En outre, les Américains paient plus cher que d’autres pays (européens) au bilan économique moins flatteur, lorsqu’ils veulent emprunter sur le marché obligataire. C’est contraire à la logique.
« La confusion chez les gens est totale » estime Heather Loomis, directeur Fixed Income chez JP Morgan Private Bank.
Evolution des taux américains
Pour 2015, les prévisionnistes anticipent une hausse des taux de la Fed avec en corollaire une progression des rendements des Treasuries vers 3%. Cette année pourrait même marquer le retour du lien historique entre les taux du Trésor à 10 ans et le produit intérieur brut non ajustés de l'inflation estiment certains. « C’est l’essentiel du débat pour 2015 » souligne Chris Dillon, gestionnaire d’un portefeuille obligataire chez T. Rowe Price.
Mais ce qui se passe sur la scène mondiale fragilise et complexifie ce scénario. Par exemple, la baisse des prix du pétrole est positive pour la consommation américaine (70% du PIB) puisqu’elle renforce le pouvoir d’achat des ménages. A l’inverse, la chute des cours de l’or noir menace la rentabilité et la solvabilité des entreprises du secteur pétrolier et gazier et donc la croissance économique.
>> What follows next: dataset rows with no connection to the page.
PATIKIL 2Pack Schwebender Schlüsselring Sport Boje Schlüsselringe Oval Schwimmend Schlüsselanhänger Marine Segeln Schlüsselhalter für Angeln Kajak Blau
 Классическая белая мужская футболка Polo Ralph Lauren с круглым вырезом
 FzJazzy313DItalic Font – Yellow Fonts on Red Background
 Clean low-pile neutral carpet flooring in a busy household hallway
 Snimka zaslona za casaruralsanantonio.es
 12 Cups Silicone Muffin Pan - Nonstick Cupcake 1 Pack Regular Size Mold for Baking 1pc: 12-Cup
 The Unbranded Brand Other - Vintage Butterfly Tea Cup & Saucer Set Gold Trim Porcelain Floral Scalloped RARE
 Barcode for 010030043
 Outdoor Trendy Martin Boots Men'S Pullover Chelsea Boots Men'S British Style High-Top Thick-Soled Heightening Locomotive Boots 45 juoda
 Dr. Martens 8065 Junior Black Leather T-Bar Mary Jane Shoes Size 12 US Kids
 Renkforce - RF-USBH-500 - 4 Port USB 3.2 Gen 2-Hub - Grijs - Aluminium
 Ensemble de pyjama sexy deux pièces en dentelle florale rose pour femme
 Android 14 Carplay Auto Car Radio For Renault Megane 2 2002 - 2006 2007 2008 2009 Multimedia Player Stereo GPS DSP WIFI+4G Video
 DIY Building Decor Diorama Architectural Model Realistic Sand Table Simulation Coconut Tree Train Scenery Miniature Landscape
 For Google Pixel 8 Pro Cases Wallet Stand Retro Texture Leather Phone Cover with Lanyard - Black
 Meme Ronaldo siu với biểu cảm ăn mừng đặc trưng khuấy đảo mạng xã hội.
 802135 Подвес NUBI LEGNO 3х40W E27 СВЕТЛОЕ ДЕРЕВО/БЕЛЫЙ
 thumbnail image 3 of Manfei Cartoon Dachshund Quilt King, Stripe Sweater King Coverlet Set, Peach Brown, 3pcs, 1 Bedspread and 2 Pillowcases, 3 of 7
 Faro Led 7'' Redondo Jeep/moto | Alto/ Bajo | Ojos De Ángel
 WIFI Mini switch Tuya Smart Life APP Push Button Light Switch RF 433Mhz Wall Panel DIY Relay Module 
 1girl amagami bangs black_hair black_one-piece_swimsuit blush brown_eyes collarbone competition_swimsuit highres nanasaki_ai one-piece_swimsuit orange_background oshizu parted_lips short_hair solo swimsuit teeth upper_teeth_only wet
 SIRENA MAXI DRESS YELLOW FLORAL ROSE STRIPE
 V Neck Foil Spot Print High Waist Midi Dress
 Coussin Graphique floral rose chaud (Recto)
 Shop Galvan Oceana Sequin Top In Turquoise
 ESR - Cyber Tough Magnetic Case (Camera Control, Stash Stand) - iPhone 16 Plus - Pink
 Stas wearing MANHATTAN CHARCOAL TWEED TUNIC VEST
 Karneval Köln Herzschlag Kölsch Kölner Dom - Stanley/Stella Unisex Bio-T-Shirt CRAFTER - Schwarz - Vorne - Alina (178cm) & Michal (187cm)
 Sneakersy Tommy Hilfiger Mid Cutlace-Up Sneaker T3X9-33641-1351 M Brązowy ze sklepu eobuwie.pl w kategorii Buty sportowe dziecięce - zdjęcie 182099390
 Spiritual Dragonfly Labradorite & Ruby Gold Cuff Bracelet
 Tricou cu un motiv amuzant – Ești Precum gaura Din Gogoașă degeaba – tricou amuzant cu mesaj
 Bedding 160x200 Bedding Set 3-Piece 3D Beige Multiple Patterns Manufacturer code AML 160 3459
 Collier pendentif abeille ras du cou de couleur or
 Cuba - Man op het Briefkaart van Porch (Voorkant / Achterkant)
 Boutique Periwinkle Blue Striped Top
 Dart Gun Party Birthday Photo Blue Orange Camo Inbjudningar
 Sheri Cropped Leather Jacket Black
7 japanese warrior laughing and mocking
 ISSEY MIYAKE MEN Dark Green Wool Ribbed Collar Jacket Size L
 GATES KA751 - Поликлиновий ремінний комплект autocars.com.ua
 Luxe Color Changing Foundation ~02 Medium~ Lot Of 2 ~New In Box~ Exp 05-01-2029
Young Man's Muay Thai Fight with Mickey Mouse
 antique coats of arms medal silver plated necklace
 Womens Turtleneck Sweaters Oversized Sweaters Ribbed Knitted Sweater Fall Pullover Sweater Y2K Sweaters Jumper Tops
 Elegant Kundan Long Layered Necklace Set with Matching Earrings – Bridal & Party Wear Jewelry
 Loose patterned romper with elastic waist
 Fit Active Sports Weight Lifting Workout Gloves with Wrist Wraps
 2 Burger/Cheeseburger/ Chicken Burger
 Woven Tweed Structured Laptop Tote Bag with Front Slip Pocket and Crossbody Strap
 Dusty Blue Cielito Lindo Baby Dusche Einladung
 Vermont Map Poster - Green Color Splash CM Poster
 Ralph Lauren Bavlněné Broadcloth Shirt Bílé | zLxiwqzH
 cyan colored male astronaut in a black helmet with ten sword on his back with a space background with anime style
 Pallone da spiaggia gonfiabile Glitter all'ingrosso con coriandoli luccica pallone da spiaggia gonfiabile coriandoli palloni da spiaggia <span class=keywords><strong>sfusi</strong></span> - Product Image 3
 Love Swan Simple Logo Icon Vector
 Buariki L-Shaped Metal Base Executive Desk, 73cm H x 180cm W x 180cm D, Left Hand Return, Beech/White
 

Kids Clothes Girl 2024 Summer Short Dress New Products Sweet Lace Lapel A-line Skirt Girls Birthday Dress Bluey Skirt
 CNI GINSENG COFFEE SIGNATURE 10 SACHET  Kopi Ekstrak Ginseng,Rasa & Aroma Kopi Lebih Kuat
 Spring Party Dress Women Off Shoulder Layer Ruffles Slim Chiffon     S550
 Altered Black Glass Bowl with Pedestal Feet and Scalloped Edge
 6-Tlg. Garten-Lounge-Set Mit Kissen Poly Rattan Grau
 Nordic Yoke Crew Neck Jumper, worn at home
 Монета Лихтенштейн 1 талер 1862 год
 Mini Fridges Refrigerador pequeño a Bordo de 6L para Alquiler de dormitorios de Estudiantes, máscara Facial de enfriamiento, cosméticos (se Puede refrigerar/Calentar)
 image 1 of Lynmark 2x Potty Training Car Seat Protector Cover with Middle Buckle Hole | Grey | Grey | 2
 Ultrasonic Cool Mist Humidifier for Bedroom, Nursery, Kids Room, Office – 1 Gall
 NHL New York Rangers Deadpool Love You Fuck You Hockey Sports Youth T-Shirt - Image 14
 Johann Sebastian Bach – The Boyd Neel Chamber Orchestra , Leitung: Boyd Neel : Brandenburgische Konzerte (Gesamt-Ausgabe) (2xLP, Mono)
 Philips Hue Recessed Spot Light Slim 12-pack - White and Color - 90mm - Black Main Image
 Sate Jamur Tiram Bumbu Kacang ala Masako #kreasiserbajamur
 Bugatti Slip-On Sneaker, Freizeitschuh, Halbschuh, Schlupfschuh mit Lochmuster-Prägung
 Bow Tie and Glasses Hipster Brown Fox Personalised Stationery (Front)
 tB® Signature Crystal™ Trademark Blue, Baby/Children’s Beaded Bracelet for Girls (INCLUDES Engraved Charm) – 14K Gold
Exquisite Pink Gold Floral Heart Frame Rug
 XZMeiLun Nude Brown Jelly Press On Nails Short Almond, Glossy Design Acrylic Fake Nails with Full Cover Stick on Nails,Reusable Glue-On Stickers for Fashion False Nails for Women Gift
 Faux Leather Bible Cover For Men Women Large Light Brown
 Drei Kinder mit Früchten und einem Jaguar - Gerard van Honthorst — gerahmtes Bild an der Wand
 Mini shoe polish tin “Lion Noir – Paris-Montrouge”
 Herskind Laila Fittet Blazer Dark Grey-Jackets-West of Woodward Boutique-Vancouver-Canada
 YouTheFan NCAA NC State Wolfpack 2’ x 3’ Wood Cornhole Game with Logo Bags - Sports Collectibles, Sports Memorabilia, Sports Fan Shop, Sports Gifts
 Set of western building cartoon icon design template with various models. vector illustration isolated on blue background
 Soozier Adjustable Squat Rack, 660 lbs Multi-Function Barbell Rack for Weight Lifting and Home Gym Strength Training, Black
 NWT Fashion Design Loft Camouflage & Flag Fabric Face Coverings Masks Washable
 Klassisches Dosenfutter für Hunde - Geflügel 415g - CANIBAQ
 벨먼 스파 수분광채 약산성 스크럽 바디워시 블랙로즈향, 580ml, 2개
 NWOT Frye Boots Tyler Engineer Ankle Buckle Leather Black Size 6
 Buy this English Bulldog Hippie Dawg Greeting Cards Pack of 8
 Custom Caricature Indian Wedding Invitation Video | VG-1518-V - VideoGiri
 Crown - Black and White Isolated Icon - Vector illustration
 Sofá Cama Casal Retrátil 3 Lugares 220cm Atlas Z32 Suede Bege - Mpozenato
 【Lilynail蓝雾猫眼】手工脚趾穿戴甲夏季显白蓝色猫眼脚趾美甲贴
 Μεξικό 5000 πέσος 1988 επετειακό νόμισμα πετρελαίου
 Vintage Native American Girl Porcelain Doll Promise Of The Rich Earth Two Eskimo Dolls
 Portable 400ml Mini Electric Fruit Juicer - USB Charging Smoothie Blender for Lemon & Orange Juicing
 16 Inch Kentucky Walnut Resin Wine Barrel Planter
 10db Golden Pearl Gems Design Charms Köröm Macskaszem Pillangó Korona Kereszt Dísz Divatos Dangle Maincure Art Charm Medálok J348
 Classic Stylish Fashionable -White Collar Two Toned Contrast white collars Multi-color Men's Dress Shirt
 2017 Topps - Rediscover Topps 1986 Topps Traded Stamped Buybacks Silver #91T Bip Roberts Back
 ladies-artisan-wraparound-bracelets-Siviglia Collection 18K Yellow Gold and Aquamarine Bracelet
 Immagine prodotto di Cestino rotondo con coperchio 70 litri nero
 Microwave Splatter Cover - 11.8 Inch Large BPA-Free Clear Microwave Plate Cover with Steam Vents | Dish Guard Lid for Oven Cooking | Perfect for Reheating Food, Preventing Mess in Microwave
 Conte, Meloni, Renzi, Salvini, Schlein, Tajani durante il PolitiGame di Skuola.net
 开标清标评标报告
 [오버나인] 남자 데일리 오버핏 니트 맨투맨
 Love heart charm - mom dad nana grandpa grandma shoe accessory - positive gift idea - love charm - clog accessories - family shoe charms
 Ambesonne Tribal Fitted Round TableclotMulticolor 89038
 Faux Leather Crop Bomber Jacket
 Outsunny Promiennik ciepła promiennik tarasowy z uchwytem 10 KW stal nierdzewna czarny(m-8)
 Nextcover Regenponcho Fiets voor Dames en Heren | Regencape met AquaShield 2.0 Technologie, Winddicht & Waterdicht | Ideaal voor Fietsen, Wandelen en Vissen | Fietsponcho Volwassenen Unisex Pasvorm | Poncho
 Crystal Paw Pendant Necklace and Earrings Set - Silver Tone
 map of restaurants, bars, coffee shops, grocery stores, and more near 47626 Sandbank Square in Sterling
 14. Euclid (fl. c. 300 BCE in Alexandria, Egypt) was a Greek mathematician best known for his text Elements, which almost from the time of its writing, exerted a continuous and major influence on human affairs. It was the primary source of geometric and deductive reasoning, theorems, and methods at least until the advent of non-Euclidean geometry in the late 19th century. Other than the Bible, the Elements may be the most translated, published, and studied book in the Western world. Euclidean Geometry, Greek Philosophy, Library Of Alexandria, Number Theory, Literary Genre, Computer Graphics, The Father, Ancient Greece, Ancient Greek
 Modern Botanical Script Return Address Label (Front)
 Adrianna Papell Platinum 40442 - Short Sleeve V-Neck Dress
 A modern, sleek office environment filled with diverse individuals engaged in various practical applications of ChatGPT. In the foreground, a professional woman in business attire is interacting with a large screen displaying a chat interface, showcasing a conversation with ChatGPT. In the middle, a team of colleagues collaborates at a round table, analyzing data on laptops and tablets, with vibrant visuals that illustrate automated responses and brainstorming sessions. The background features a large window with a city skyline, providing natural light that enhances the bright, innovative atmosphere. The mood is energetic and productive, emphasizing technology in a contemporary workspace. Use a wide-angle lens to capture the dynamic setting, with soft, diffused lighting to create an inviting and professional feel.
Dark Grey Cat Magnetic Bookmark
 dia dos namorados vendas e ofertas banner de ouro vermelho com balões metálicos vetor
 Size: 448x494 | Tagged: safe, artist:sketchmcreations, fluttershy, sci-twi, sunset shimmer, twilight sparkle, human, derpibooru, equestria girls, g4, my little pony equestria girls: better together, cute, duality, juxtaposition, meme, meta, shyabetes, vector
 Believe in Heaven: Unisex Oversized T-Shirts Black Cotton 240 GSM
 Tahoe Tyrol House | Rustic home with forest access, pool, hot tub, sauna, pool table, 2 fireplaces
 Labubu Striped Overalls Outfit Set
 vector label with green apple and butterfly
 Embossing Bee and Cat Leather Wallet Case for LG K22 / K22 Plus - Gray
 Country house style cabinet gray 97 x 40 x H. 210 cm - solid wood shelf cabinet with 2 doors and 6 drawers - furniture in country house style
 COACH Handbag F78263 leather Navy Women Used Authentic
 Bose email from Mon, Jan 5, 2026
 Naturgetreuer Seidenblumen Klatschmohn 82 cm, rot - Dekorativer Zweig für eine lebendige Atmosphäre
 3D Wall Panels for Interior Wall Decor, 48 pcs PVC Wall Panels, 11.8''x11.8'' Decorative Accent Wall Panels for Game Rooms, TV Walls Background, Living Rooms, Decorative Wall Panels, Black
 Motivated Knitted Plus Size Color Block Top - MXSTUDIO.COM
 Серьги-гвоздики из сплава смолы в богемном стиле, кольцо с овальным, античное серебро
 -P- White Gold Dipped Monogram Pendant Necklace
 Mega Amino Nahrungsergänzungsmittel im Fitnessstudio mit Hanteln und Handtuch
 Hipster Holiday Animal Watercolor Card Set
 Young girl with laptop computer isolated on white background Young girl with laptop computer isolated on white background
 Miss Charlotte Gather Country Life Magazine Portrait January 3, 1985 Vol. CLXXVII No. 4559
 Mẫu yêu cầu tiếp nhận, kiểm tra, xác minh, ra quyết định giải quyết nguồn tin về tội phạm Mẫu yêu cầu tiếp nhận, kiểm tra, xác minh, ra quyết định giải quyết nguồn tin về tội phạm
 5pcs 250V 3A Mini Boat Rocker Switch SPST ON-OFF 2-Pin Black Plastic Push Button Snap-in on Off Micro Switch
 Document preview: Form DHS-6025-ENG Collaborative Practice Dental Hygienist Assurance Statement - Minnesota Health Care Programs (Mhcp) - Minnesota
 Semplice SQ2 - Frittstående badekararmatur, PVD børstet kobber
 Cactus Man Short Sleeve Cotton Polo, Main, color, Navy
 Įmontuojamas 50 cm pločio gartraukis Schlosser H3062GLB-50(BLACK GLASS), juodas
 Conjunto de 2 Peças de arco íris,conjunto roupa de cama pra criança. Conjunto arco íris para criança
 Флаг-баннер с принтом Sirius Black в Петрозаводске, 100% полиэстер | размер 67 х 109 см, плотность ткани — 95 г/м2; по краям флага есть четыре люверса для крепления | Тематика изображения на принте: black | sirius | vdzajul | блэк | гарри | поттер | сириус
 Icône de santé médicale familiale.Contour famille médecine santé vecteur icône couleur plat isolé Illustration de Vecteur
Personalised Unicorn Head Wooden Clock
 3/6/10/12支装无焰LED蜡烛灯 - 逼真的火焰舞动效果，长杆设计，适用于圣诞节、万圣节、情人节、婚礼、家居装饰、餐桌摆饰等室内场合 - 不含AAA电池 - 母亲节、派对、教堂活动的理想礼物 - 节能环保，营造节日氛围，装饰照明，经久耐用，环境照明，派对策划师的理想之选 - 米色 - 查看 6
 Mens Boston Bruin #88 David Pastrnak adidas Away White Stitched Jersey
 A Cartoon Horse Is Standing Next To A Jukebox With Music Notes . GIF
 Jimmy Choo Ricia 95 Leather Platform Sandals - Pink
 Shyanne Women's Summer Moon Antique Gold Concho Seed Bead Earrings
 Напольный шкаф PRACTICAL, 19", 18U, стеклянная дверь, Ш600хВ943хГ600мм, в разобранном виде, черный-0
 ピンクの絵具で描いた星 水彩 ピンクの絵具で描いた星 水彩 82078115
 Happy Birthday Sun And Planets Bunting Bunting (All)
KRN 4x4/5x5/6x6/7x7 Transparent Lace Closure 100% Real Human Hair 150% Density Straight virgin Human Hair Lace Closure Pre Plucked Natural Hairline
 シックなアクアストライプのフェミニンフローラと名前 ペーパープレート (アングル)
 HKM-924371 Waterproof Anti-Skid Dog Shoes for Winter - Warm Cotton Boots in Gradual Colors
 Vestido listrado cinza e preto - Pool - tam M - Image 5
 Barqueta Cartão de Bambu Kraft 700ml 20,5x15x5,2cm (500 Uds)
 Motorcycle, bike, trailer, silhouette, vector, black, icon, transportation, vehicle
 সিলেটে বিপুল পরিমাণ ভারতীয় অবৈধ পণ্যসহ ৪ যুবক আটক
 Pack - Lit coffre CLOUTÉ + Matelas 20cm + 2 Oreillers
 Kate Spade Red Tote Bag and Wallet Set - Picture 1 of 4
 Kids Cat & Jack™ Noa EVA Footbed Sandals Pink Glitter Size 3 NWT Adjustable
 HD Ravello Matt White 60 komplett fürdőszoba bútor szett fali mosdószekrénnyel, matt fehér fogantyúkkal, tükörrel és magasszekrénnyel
L’hypothèse d’une remontée des taux longs américains n’est toutefois pas partagée par tout le monde. Jonathan Mackay (Morgan Stanley) estime que la Réserve fédérale américaine ne devrait pas relever ses taux avant 2016. Plutôt que de se concentrer sur l’évolution de la courbe des rendements des bons du Trésor américain (risque taux), mieux vaut se concentrer sur le risque crédit, en se positionnant par exemple sur des obligations à rendement élevé, précise-t-il.
« Je vous dis que les taux vont rester bas pour un long moment, plus longtemps que ce que l’on pense » martèle de son côté John E. Lekas, senior portfolio manager du Leader Capital Total Return Fund. Il se déclare fort inquiet du risque de déflation, comme semble l’anticiper le marché des matières premières, des devises et des obligations du Trésor américain.